Why single out cancer over other conditions? While eliminating cost sharing for all chronic illnesses that require expensive treatments over extended periods would be the best policy, this is unlikely to happen, given the U.S. political climate. Disease-by-disease changes to policy are not optimal and I have argued against them. Nevertheless, historically this is the American way — witness $35 insulin for diabetes. Hence, cancer is a good place to start because many more cancer patients face financial toxicities and bankruptcies than patients with other conditions.

In 2022, the United States celebrated the 50th anniversary of the National Cancer Act and the war on cancer.
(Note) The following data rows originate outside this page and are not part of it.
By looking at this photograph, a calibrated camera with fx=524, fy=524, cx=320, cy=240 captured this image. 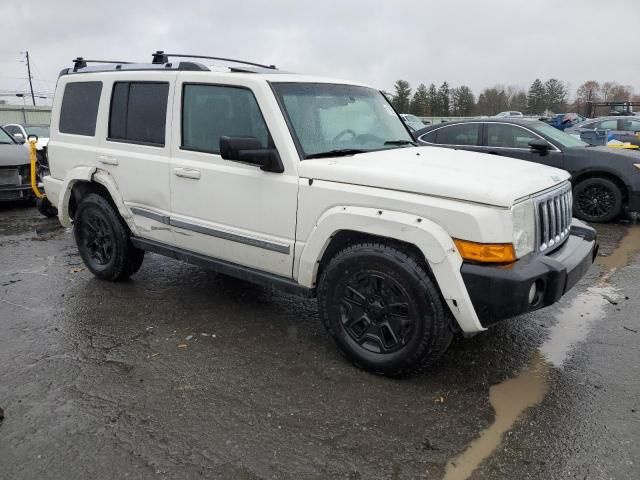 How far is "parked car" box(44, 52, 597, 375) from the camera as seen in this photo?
2.97 metres

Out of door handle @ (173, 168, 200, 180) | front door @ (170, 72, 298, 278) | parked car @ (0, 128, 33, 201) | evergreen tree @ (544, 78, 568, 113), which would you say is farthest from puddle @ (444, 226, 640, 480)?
evergreen tree @ (544, 78, 568, 113)

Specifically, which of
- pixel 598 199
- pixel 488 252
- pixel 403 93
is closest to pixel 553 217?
pixel 488 252

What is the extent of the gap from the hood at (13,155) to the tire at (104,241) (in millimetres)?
4943

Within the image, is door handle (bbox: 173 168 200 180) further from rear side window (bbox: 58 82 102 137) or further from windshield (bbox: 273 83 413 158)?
rear side window (bbox: 58 82 102 137)

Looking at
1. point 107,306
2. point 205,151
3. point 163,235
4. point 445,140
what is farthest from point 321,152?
point 445,140

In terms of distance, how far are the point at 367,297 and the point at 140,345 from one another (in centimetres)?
177

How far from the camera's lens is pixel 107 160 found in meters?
4.71

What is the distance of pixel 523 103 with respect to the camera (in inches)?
2744

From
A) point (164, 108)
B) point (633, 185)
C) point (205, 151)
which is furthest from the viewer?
point (633, 185)

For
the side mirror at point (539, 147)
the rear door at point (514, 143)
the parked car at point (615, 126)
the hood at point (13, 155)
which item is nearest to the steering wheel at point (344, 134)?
the side mirror at point (539, 147)

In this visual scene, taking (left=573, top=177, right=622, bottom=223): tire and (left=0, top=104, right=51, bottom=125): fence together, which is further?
(left=0, top=104, right=51, bottom=125): fence

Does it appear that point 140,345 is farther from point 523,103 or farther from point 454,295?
point 523,103

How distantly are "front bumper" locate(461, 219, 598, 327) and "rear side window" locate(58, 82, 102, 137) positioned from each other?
3780 mm

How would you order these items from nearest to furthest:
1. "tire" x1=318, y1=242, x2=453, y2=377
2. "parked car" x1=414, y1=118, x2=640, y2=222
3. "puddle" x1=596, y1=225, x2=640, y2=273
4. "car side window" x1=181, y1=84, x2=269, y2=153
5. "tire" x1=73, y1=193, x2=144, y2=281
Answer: "tire" x1=318, y1=242, x2=453, y2=377
"car side window" x1=181, y1=84, x2=269, y2=153
"tire" x1=73, y1=193, x2=144, y2=281
"puddle" x1=596, y1=225, x2=640, y2=273
"parked car" x1=414, y1=118, x2=640, y2=222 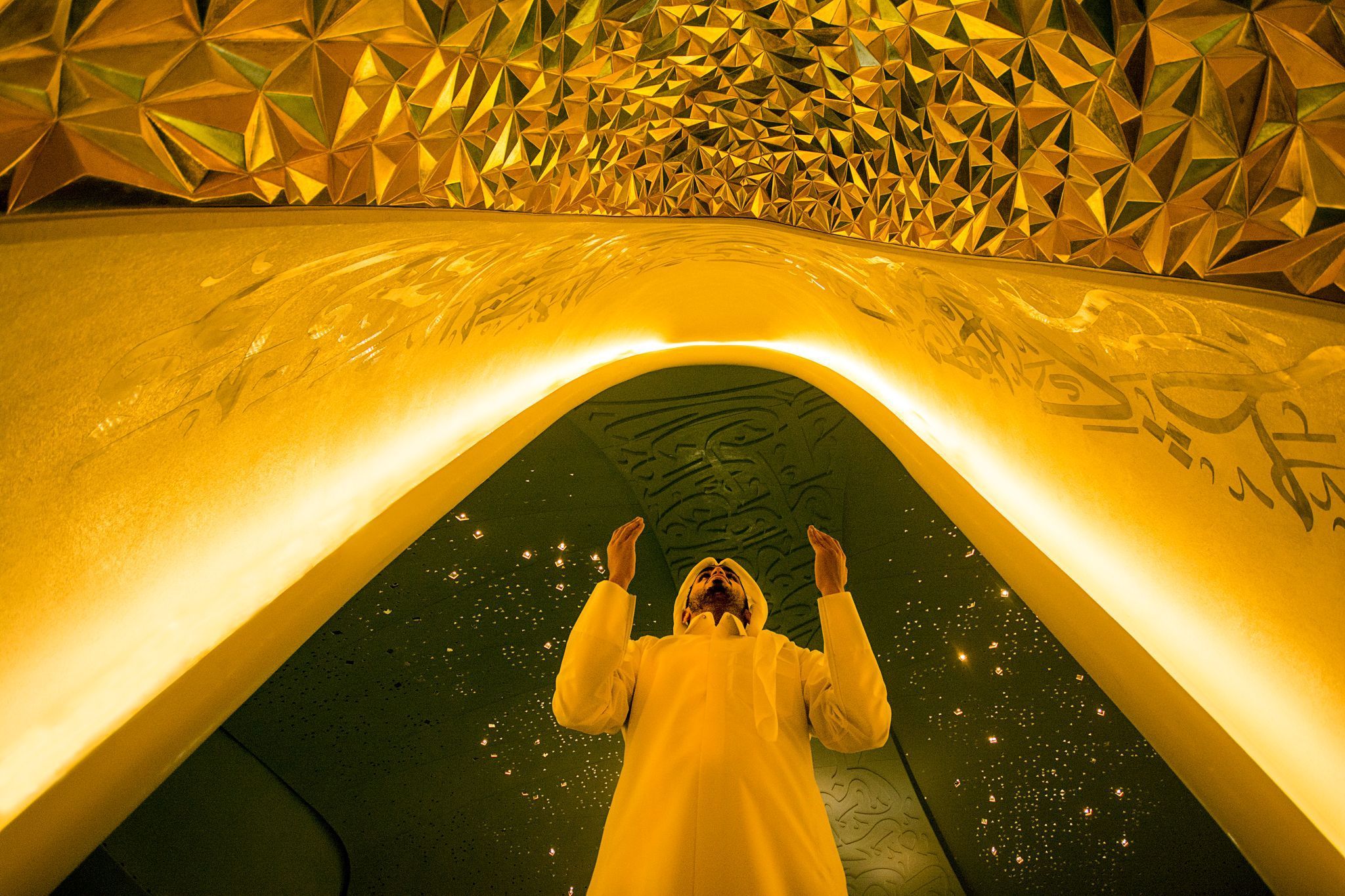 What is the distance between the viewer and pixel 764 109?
4.04ft

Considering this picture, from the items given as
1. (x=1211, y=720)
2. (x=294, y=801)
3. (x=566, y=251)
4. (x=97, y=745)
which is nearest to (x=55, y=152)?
(x=97, y=745)

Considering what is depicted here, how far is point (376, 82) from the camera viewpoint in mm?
867

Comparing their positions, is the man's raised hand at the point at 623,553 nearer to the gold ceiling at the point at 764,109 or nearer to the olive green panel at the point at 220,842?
the gold ceiling at the point at 764,109

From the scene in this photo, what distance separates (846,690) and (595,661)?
690mm

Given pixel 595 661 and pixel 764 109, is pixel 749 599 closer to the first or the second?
pixel 595 661

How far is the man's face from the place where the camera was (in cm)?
243

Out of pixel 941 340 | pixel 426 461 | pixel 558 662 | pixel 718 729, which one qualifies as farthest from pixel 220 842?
pixel 941 340

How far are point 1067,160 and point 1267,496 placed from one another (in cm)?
63

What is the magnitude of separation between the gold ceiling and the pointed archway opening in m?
2.64

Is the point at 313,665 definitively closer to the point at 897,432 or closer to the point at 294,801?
the point at 294,801

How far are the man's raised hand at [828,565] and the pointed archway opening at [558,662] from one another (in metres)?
1.77

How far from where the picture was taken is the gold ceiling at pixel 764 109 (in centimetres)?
68

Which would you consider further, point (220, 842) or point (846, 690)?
point (220, 842)

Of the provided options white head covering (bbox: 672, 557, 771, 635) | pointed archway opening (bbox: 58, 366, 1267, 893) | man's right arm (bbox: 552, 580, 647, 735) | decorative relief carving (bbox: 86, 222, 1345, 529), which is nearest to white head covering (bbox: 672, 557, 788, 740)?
white head covering (bbox: 672, 557, 771, 635) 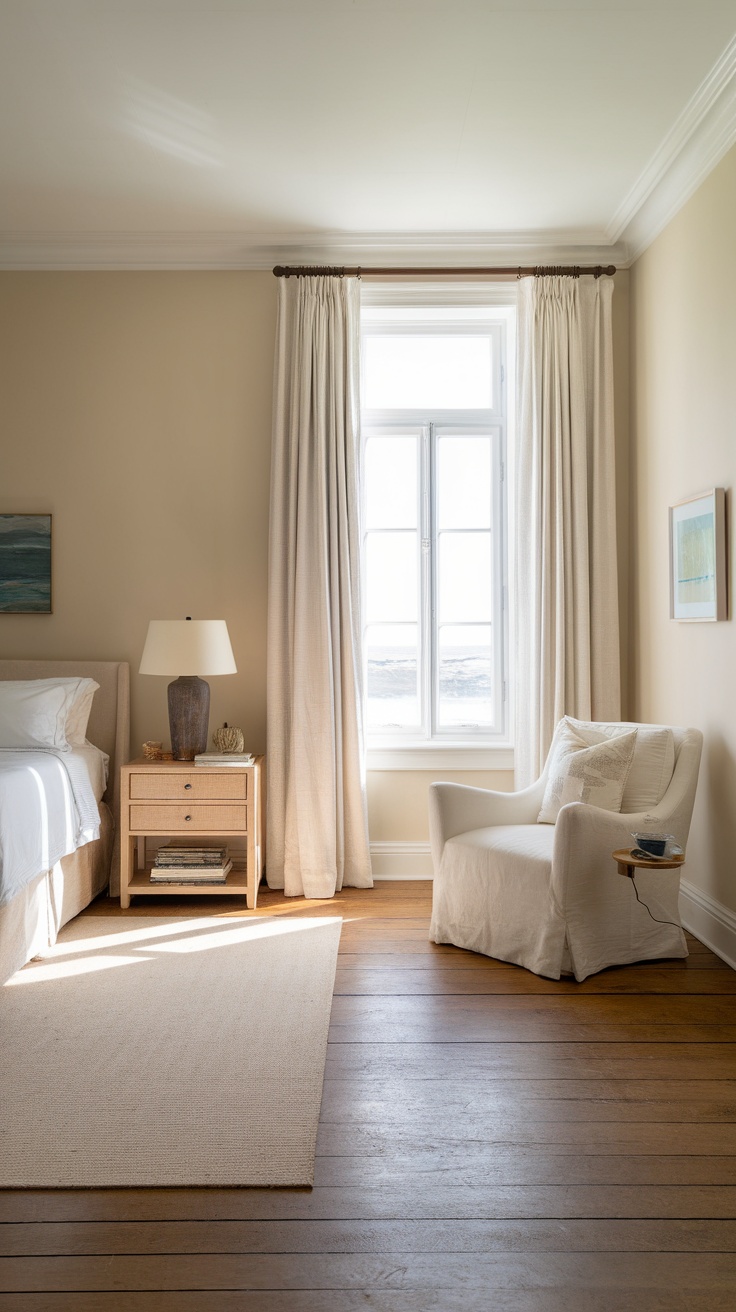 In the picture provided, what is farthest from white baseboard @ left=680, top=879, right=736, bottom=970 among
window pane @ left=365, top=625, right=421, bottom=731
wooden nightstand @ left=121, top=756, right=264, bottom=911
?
wooden nightstand @ left=121, top=756, right=264, bottom=911

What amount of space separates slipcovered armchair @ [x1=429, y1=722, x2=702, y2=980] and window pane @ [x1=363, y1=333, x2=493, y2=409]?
1.98 metres

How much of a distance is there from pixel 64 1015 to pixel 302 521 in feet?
7.55

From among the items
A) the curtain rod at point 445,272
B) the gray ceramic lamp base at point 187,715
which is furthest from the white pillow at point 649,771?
the curtain rod at point 445,272

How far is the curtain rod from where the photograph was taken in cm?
425

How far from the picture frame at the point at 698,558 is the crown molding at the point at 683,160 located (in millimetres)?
1209

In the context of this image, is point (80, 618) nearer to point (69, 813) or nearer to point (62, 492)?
point (62, 492)

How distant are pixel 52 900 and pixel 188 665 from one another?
105cm

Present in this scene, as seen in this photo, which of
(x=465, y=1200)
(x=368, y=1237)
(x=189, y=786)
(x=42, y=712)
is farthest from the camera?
(x=189, y=786)

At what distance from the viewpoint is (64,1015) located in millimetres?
2742

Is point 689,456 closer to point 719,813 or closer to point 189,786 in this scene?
point 719,813

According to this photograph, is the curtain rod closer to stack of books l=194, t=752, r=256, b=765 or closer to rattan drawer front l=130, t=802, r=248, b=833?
stack of books l=194, t=752, r=256, b=765

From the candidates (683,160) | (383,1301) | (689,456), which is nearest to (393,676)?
(689,456)

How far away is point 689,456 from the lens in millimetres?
3604

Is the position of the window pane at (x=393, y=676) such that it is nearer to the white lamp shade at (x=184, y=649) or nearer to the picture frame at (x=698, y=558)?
the white lamp shade at (x=184, y=649) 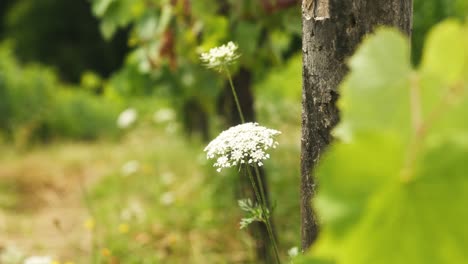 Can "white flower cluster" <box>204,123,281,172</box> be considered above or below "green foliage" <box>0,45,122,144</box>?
below

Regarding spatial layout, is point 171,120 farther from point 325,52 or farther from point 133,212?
point 325,52

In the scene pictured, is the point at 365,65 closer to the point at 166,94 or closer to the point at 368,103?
the point at 368,103

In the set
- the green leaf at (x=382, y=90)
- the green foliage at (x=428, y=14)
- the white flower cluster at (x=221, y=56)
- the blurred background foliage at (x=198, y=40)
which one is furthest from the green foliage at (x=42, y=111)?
the green leaf at (x=382, y=90)

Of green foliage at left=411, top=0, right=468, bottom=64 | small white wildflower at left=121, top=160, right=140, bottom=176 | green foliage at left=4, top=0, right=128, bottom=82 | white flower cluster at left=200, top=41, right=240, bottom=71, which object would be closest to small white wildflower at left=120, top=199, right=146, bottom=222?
small white wildflower at left=121, top=160, right=140, bottom=176

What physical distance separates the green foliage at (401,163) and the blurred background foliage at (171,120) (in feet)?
5.17

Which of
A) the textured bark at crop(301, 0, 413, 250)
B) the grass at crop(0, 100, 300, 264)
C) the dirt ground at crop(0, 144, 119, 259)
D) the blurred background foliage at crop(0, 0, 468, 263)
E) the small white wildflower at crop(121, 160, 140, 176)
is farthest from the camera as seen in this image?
the small white wildflower at crop(121, 160, 140, 176)

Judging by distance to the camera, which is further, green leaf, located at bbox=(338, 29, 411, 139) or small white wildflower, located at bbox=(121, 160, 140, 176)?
small white wildflower, located at bbox=(121, 160, 140, 176)

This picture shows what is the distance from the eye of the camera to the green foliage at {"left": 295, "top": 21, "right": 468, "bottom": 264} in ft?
1.74

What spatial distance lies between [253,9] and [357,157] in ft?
5.92

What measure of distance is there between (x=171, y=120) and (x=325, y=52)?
491cm

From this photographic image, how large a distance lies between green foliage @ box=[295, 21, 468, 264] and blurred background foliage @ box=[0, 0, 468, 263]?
5.17ft

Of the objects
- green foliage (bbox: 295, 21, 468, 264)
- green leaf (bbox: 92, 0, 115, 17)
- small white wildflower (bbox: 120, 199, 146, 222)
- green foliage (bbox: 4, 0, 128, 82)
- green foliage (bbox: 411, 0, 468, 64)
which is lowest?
green foliage (bbox: 295, 21, 468, 264)

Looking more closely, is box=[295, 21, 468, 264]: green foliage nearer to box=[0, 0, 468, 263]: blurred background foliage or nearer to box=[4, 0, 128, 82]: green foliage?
box=[0, 0, 468, 263]: blurred background foliage

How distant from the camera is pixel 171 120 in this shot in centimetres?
583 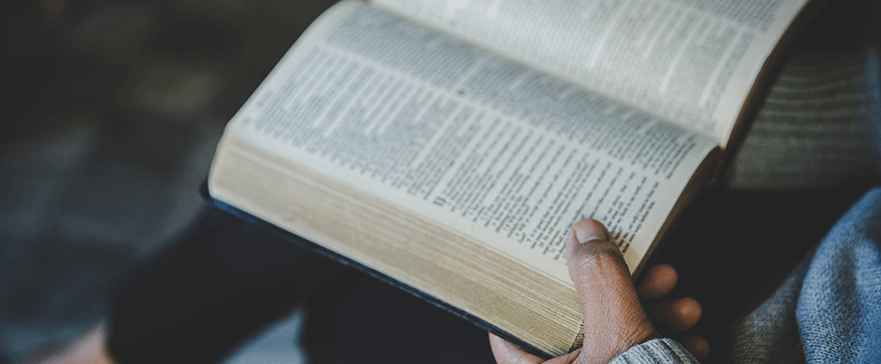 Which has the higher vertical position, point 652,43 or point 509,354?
point 652,43

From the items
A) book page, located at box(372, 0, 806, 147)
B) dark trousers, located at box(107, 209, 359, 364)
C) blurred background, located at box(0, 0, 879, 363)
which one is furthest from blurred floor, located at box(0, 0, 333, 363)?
book page, located at box(372, 0, 806, 147)

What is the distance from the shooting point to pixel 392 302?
67 cm

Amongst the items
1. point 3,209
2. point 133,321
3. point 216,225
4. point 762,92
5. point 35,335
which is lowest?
point 35,335

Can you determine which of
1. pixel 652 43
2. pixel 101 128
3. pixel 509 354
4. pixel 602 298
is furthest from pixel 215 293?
pixel 101 128

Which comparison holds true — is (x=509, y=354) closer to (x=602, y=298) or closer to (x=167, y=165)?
(x=602, y=298)

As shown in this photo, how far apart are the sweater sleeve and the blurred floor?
99 cm

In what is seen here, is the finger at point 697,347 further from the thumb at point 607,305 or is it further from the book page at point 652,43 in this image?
the book page at point 652,43

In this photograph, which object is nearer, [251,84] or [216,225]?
[216,225]

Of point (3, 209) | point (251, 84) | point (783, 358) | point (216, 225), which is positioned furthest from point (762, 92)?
point (3, 209)

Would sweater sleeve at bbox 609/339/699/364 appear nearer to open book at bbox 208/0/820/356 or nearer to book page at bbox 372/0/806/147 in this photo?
open book at bbox 208/0/820/356

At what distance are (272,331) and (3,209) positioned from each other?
2.11 feet

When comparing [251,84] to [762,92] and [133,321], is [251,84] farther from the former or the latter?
[762,92]

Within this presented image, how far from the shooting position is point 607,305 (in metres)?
0.46

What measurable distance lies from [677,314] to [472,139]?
0.27 m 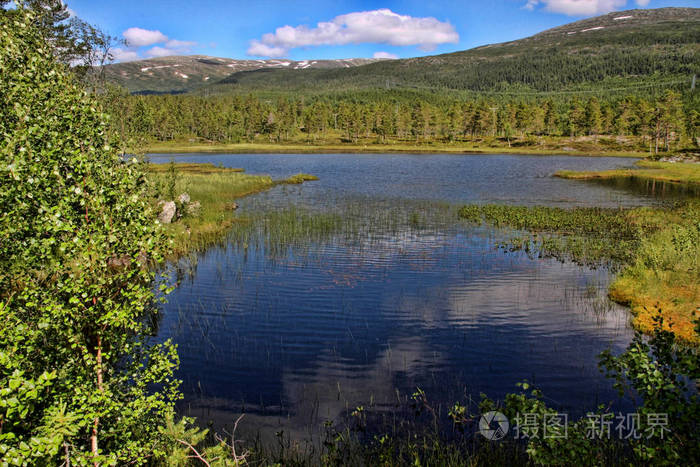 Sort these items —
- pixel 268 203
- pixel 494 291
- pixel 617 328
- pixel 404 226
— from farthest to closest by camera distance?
pixel 268 203
pixel 404 226
pixel 494 291
pixel 617 328

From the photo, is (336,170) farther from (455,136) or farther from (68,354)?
(455,136)

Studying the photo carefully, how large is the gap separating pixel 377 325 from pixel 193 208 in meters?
23.0

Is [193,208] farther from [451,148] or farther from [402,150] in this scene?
[451,148]

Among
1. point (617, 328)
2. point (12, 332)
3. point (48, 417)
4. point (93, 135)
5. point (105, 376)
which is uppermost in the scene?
point (93, 135)

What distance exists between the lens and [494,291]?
819 inches

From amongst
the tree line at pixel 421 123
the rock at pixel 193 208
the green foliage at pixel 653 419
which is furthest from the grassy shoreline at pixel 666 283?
the tree line at pixel 421 123

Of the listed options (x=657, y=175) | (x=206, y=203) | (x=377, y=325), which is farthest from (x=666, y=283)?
(x=657, y=175)

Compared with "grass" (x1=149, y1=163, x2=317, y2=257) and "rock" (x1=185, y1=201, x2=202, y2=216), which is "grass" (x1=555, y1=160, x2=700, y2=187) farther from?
"rock" (x1=185, y1=201, x2=202, y2=216)

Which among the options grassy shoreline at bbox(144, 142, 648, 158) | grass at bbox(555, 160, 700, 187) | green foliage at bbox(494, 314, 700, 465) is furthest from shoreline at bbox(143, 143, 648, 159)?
green foliage at bbox(494, 314, 700, 465)

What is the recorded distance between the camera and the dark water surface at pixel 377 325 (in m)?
12.7

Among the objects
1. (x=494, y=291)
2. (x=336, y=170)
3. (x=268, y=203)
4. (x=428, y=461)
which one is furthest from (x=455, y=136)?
(x=428, y=461)

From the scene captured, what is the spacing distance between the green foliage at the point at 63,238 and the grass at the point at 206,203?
9.70m

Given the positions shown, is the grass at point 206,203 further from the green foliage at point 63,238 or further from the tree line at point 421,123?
the tree line at point 421,123

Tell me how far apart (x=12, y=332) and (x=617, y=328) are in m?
18.6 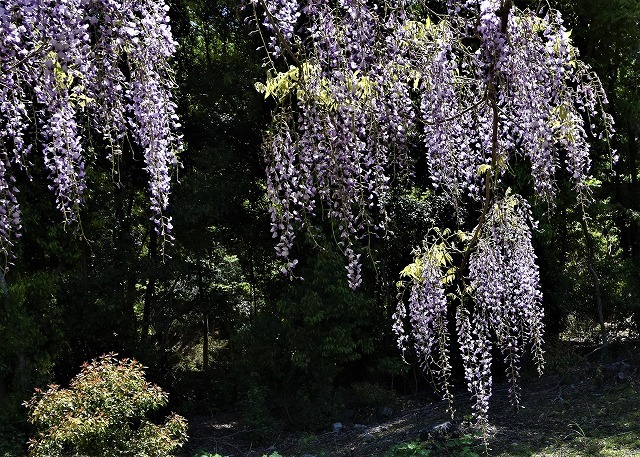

It took decades, but those initiatives produced the remarkable innovations in detection and treatment that have led to today’s improved cancer survival and reductions in mortality rates in the United States. Now, it is critically important for the United States to address the growing financial toxicity that too often accompanies potentially lifesaving cancer tests and treatments, to ensure patients’ focus can remain on cure — not cost.

Ezekiel J. Emanuel is an oncologist, vice provost for global initiatives, co-director of the Health Care Transformation Institute at the University of Pennsylvania, and author of several books, most recently “Which Country Has the World’s Best Health Care?” (Public Affairs Books, 2020).